Yes, and yes.
It's voluntary, and we allow them to operate as they have (and will). If anything's scary about Twitter or FB's success it's the extent to which people will share their lives with pretty much anybody.
Most things can be described as voluntary to some extent. No one forces you to open a Twitter or Facebook account, but there's an awful lot of professional and social pressure to do so. Meanwhile, you can choose where you live, although sometimes it's rather hard to call it a completely free choice. In the US, we broadly have the expectation that any organization that wields governmental power will refrain from most forms of censorship, but they are often allowed to place restrictions on time and place. For instance, your town is required to permit a public KKK rally, but they aren't required to allow it at a publicly-sanctioned farmers' market or a public library.
The FCC's authority to ban certain words and images is similar, based upon the premise that it's reasonable to set up a space that is safe from certain types of content for people who are sensitive to it, as long as they don't completely block those messages. I don't entirely agree with how they do this in practice, because they haven't been required to also make a space for people who don't want that protection in the public airwaves, and also because I don't think banning words that you will encounter spray-painted on the sides of buildings is really very effective, but I think that the approach is broadly reasonable, ignoring some of the particulars.
Correct. I joke occasionally that Twitter (I mean: seriously) and Facebook are where ideas go to die.:chuckle:
The things that really worries me is the subtle way Facebook et al control discussion. What they present as your news-feed, while it may be informed by choices that you make about what to follow, ultimately, they choose what you'll see using an algorithm that is secret, and you are likely mostly unaware of. I don't think most people are able to give informed consent to that level of subtle influence.
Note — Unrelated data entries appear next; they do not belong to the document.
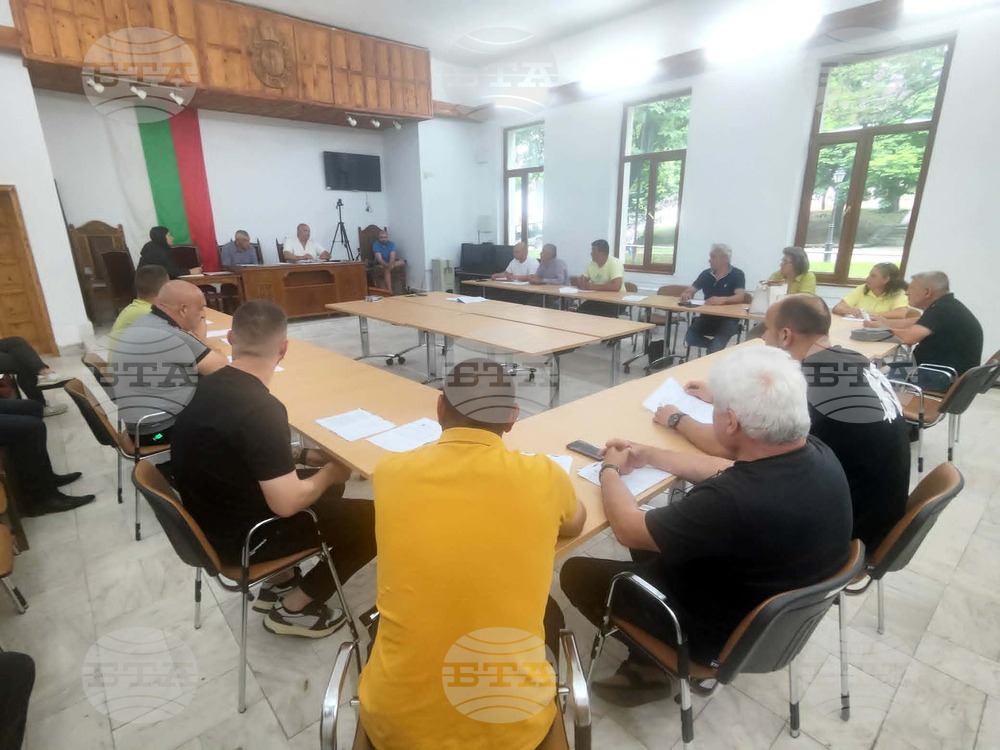 Общинският съвет в Котел одобри по 500 евро за 37 пострадали от наводнение домакинства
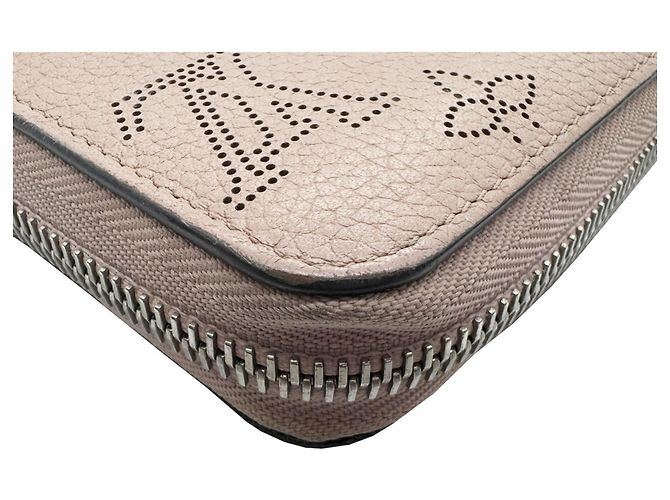 Cartera Larga Mahina Louis Vuitton en Rosa - vista 8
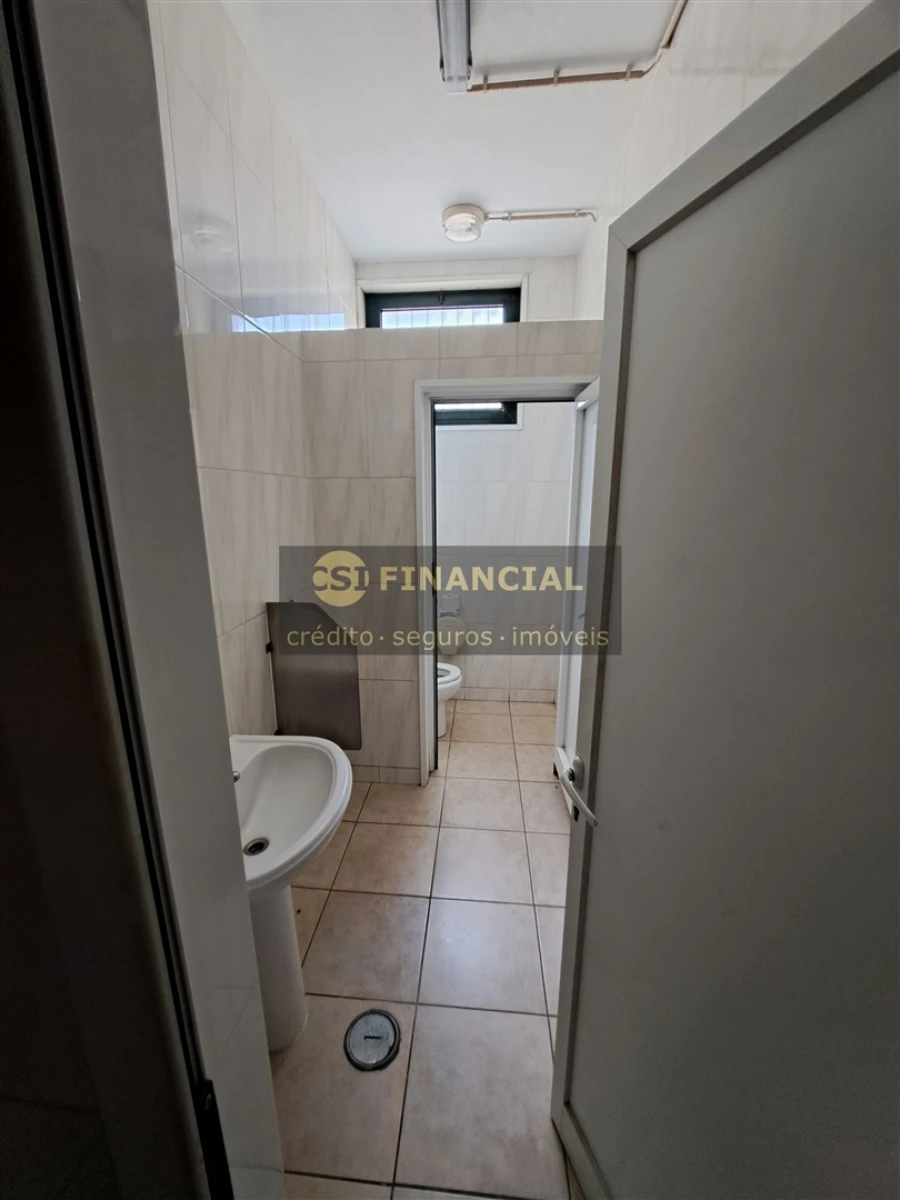 Armazém para Venda em Esmoriz Foto 12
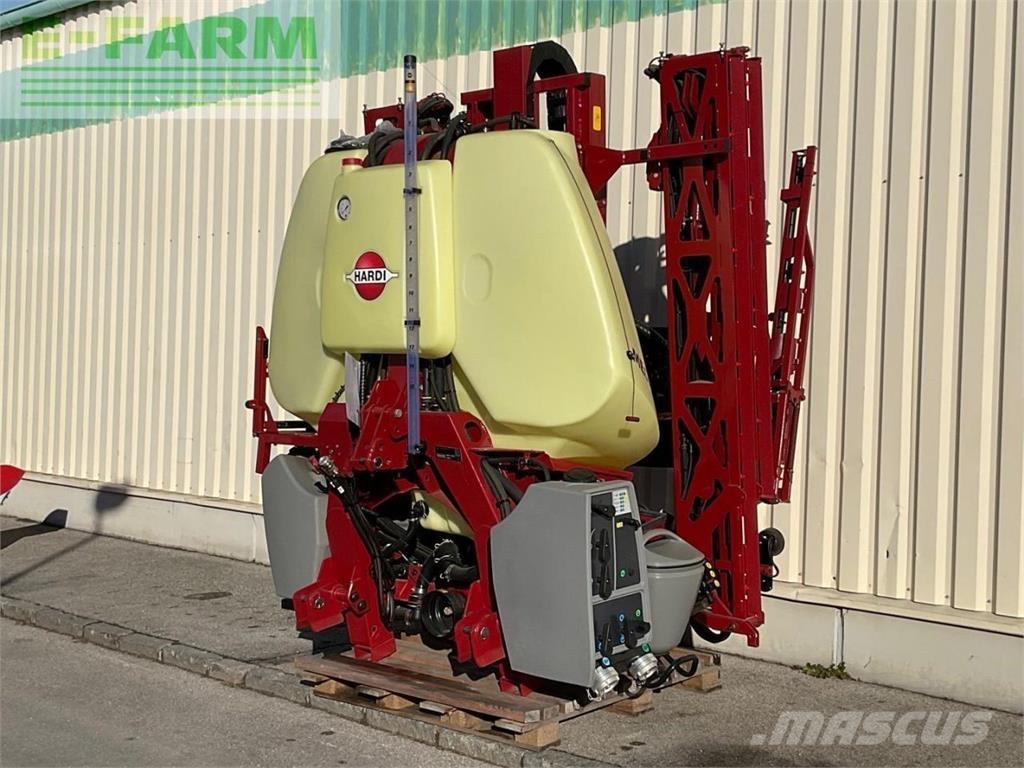 Hardi Mega 1500 Прицепные опрыскиватели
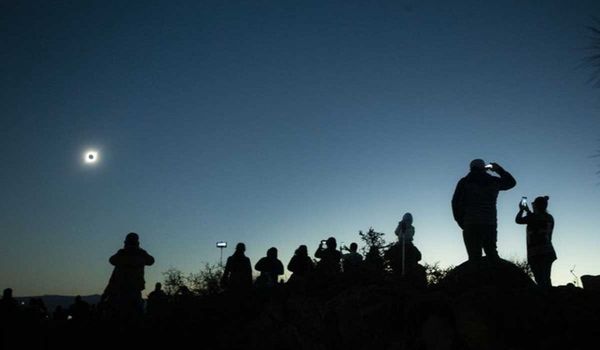 Astrónomo revela el grave riesgo de observar el eclipse sin los elementos necesarios - Megacadena — Últimas Noticias de Paraguay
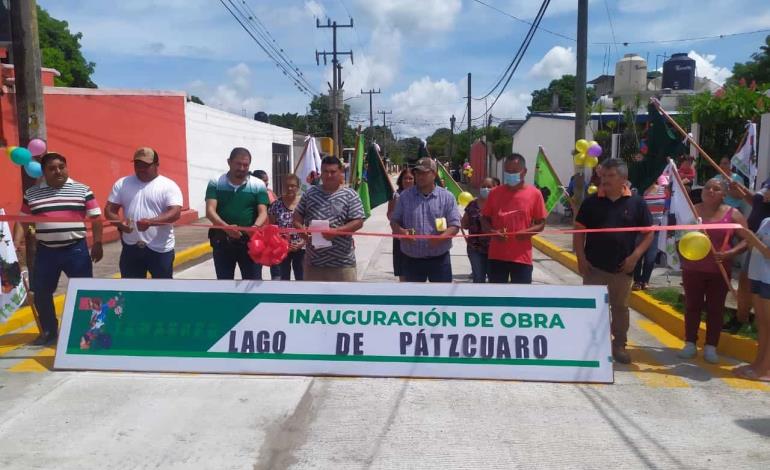 Alcalde entregó calle en Obrera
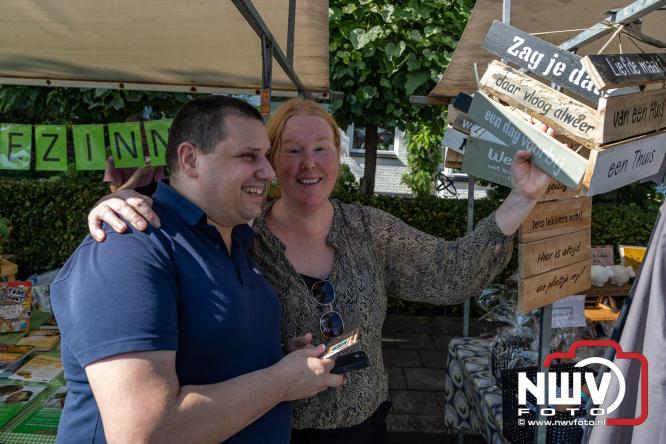 Zon, sfeer en kramen, Schapenmarkt Oldebroek 2025 - © NWVFoto.nl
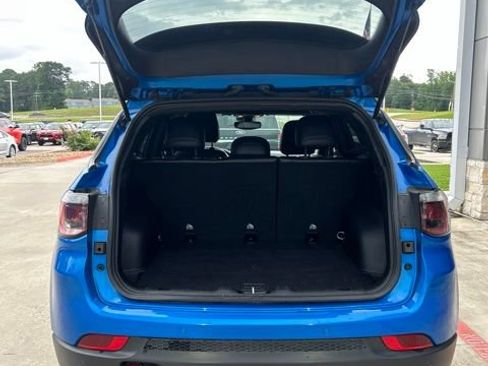 Used 2023 Jeep Compass Trailhawk AWD/4WD image 6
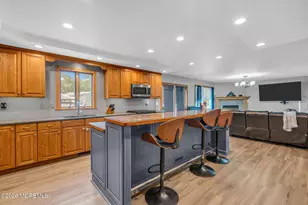 8 West Ave, Old Bridge Township, NJ 08857 - Photo 19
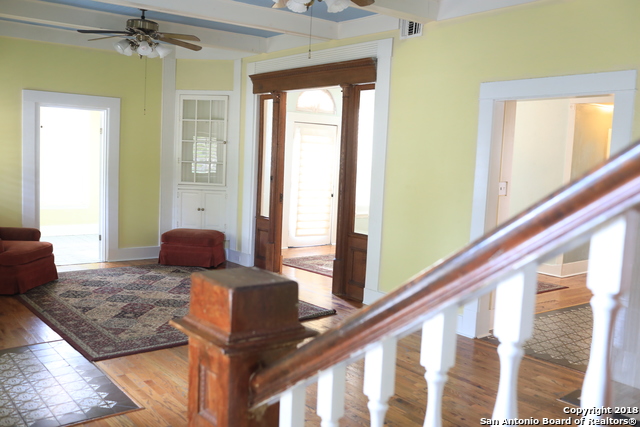 Image 4 of 23 For 228 Woodlawn Ave W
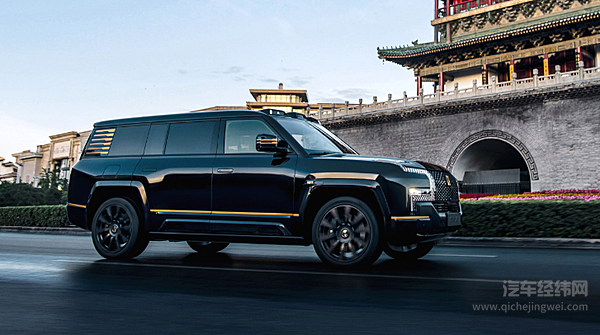 从浮水模式到全地形罗盘 仰望和揽胜的较量不止于谁更快更稳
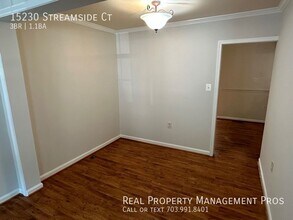 15230 Streamside Ct in Montclair, VA - Building Photo - Building Photo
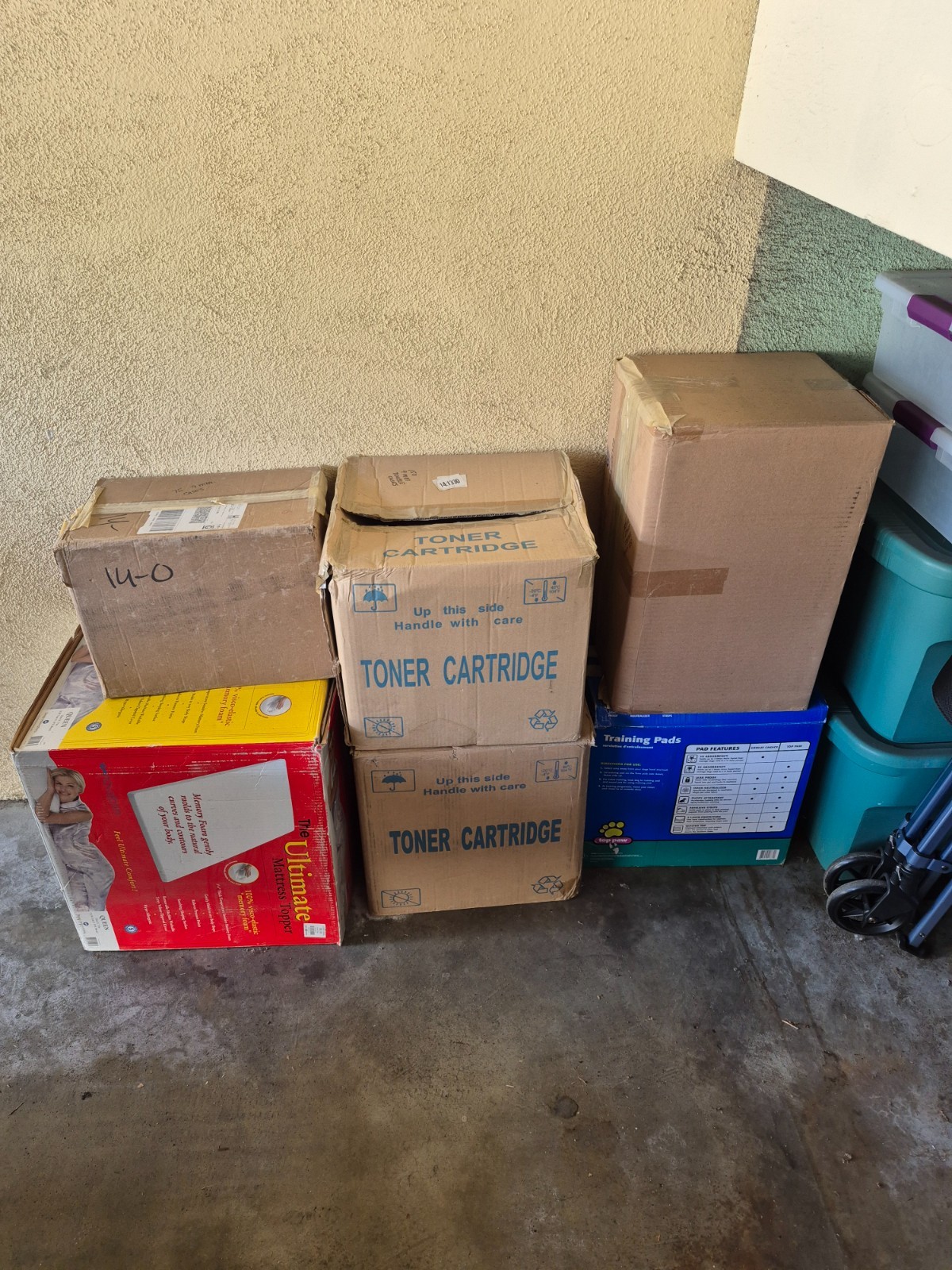 Approximately 900 Empty Dvd Cases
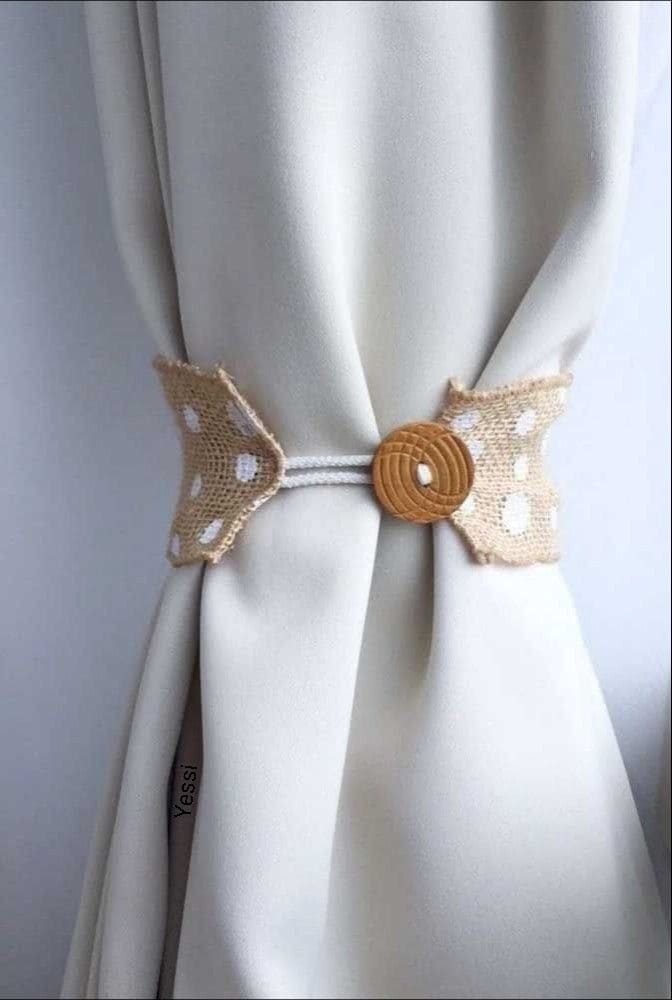 Polka-Dot Burlap Button Tieback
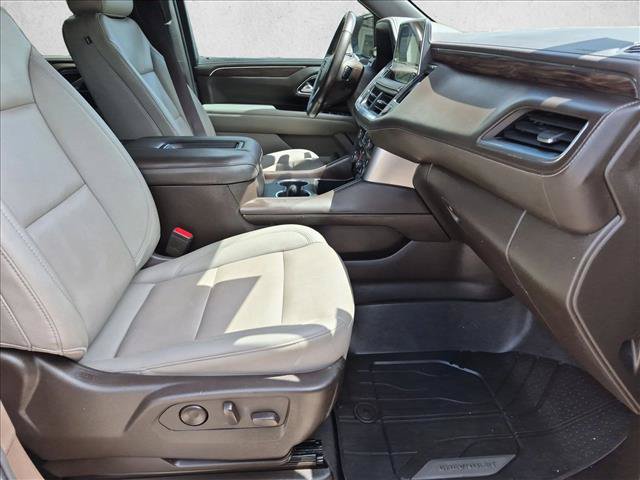 Used 2022 Chevrolet Tahoe Z71 w/ Luxury Package AWD/4WD image 22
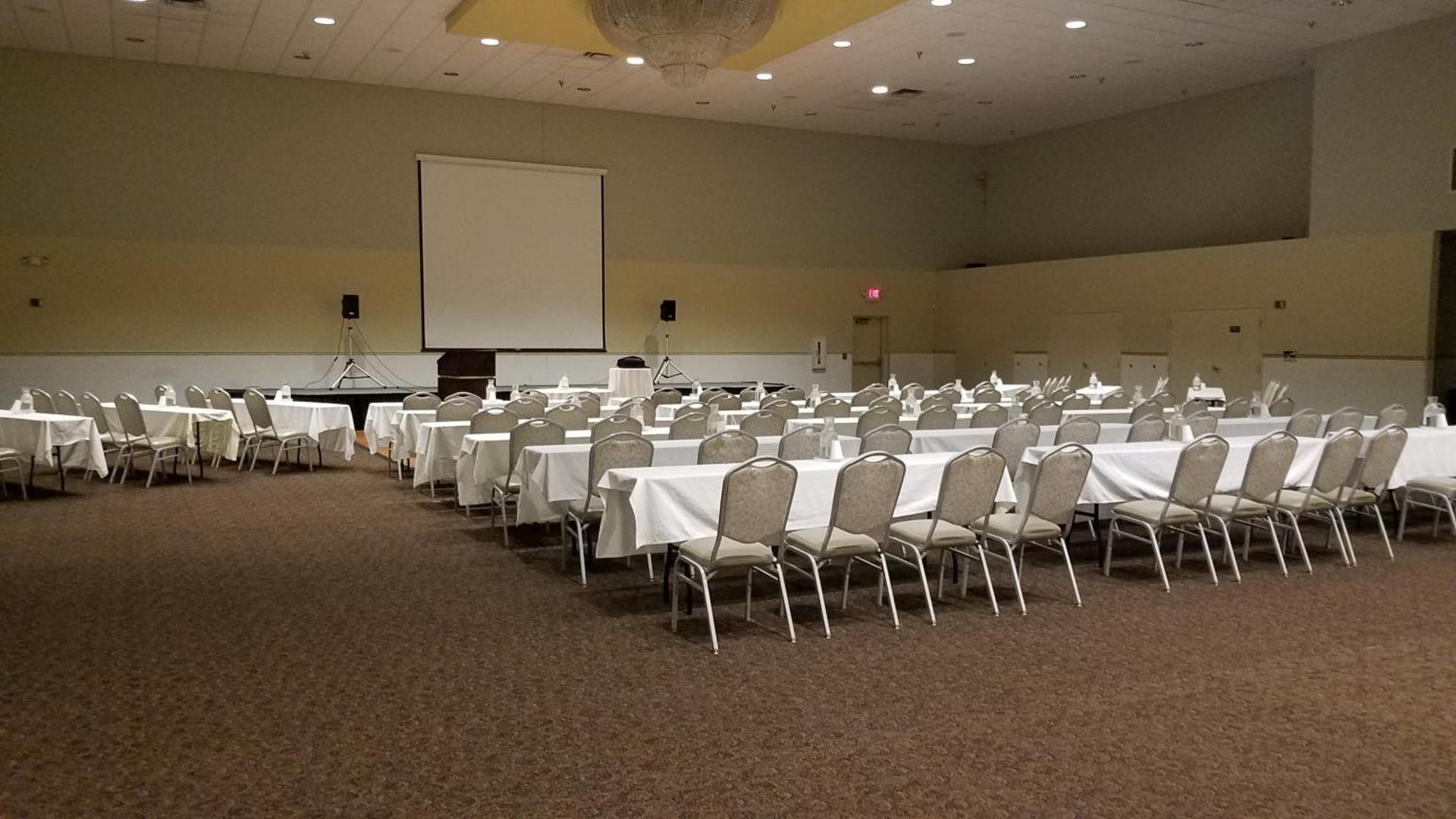 Comfort Inn & Suites Morton - Peoria photo 37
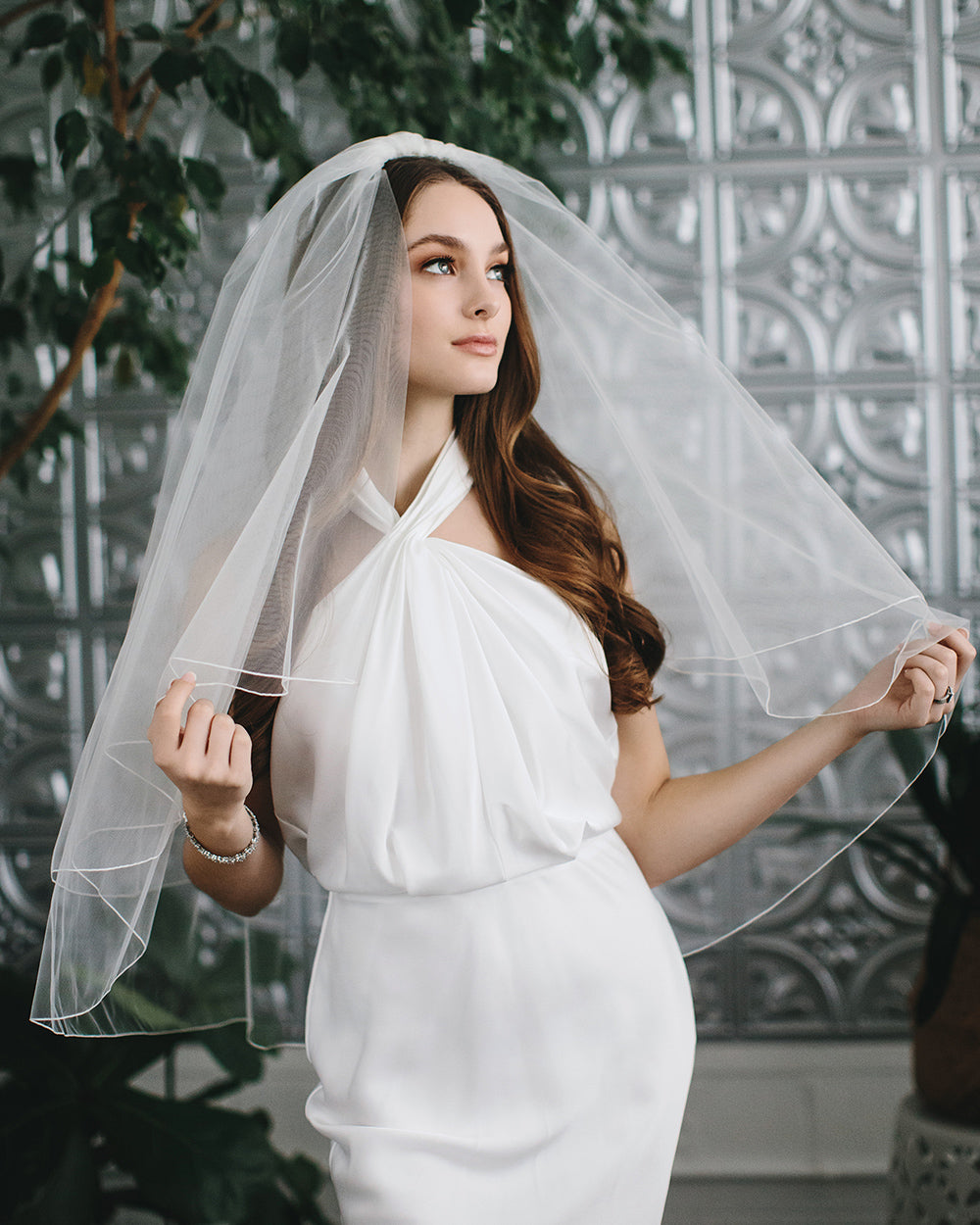 2 Layer Pencil Edge Veil - Thin & Lightweight Bridal Face Cover for Wedding Ceremony - Perfect for Church, Beach, and Outdoor Weddings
By tweaking the algorithm one way or another, entire issues get vanished or greatly amplified for millions of people around the world, and none of them fully realize it. It's almost like giving someone control over not only what you read, but what writing you become aware of.
This isn't entirely new. The large media companies have done the same thing to generations of people. But the scale, and the consolidation is fairly new, and it seems to me like it's enabling people to live in curated bubbles their whole lives.
I've spent some time trying to design an alternative, something distributed, perhaps using a set of blockchains like BitCoin, where the software that makes the important decisions is open source and transparent and feeds are discovered via your network of peers without being influenced by a central administrator. I haven't figured out entirely how it would work, but I'd love to have enough time to do it eventually.